Pocos días más tarde, tras un largo regateo, el rey se decidió a aceptar la propuesta de las Cortes valencianas de conceder únicamente un servicio de 1.080.000 ducados. Esa cantidad, que se consideraba suficiente para mantener a 1.000 soldados de infantería durante un periodo de quince años, sólo debía utilizarse para pagar voluntarios valencianos o gente de fuera del reino, debido a la escasez de recursos humanos de la región, por lo que se dañaba seriamente el espíritu integrador de la Unión de Armas. Inmediatamente el rey prosiguió el viaje oficial hasta Barcelona, dejando las Cortes de Aragón, todavía reunidas, bajo la presidencia de Monterrey. La comitiva entró en la Ciudad Condal el 26 de marzo con la esperanza de que las Cortes catalanas llegaran a responder favorablemente al importante proyecto de comunidad defensiva que se les iba a exponer, concediendo los 16.000 hombres pagados que el rey les solicitaba. Pero en seguida se vio la inutilidad del intento. Tras una serie de negociaciones infructuosas, Olivares optó por solicitar dinero en vez de soldados, siguiendo el precedente utilizado en las Cortes de Valencia, mas ni aún así logró sus objetivos. Exasperados, el rey y su séquito salieron el 4 de mayo de Barcelona en dirección a Madrid sin previo aviso, dejando a las Cortes aún en sesión. Sin embargo, y a pesar de los reveses sufridos, los planes de Unión de Armas no se pensaban abandonar, y menos en ese momento en que las arcas castellanas estaban exhaustas. Las Cortes aragonesas, que habían continuado reunidas, finalmente ofrecieron 2.000 hombres pagados durante quince años o el equivalente para su mantenimiento en dinero. Esto dio el suficiente ánimo al rey para que el 25 de julio de 1.626 declarara oficialmente inaugurada la Unión de Armas. Después de asignar a Perú una cuota de 350.000 ducados y a México otra de 250.000, incrementando con ello la fuerte presión fiscal que ya soportaban, quedaba implicar en el proyecto a las posesiones italianas, Flandes, Portugal y la porfiada Cataluña, pero, quizá salvo en estas dos últimas provincias, en Madrid no se creía que al respecto pudiera haber excesivas dificultades. En el fondo se había conseguido lo más difícil, esto es, romper con la tradición incitando a las distintas partes de la Monarquía española a la idea de cooperar, aunque al principio fuera ligeramente, en la defensa global de la misma frente al ataque de cualquiera de sus múltiples enemigos externos.

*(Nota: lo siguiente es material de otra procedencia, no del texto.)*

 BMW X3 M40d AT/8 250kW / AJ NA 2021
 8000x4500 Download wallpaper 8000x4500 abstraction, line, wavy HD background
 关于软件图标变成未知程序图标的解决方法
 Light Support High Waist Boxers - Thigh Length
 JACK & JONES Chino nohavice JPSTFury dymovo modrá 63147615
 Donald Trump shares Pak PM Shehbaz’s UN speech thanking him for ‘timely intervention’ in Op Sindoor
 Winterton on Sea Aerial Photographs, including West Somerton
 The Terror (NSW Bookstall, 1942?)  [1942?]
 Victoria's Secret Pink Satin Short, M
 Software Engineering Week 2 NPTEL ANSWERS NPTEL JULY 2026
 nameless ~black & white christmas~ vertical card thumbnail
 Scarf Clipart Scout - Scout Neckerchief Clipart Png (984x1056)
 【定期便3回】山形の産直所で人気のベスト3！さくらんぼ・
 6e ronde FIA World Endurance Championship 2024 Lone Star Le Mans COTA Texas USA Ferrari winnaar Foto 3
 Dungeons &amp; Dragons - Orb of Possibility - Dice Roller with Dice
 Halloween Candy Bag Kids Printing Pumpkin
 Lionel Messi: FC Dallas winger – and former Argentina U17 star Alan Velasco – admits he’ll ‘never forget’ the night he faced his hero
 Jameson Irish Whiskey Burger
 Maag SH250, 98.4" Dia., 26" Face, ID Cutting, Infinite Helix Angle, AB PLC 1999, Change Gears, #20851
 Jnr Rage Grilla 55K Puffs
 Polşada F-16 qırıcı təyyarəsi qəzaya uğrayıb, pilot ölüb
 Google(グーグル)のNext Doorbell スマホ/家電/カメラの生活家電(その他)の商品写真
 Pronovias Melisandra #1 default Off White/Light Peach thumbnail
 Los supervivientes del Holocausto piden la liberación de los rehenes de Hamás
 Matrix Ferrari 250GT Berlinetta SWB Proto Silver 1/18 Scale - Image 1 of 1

Mientras tanto, la situación en centroeuropa había experimentado un cambio significativo desde que, a principios de 1.625, Dinamarca se había comprometido a entrar en guerra contra el emperador. La insistencia diplomática de los protestantes holandeses, alemanes o ingleses y de la propia Francia —a través del agente de Richelieu, Corumenin— había terminado por convencer al rey danés Cristian IV de la necesidad de su intervención para frenar el avance católico y de los Habsburgo en el norte de Europa. Cristian IV, que a su vez era príncipe del Imperio en tanto duque de Holstein, tenía sus propios y ambiciosos planes de dominio sobre el norte de Alemania, que chocaban de lleno con el grado de influencia que venían adquiriendo el emperador, España y Baviera en la zona, basados en aumentar el poder económico de Dinamarca en el mar del Norte y Báltico mediante la posesión de los comercialmente estratégicos obispados secularizados de Bremen, Verden y Osnabrück, que se unirían al lucrativo dominio del estrecho del Sund y de la desembocadura del Elba. Por esta razón, cuando los enemigos de los Habsburgo le ofrecieron su apoyo si se decidía a intervenir en la guerra, el rey danés no lo dudó, esperando, a su vez, al presentarse como salvador de los principados protestantes del Imperio, contrarrestar la cada vez mayor influencia, tras las últimas victorias sobre Polonia, de su gran rival escandinavo, Gustavo Adolfo de Suecia. Pronto pudo comprobar, empero, que apenas llegaban las ayudas prometidas y que, salvo por las tropas de Ernesto de Mansfeld, integradas en el contingente de Cristian en virtud de la Convención de La Haya de diciembre de 1.625, únicamente podía contar con sus propias fuerzas.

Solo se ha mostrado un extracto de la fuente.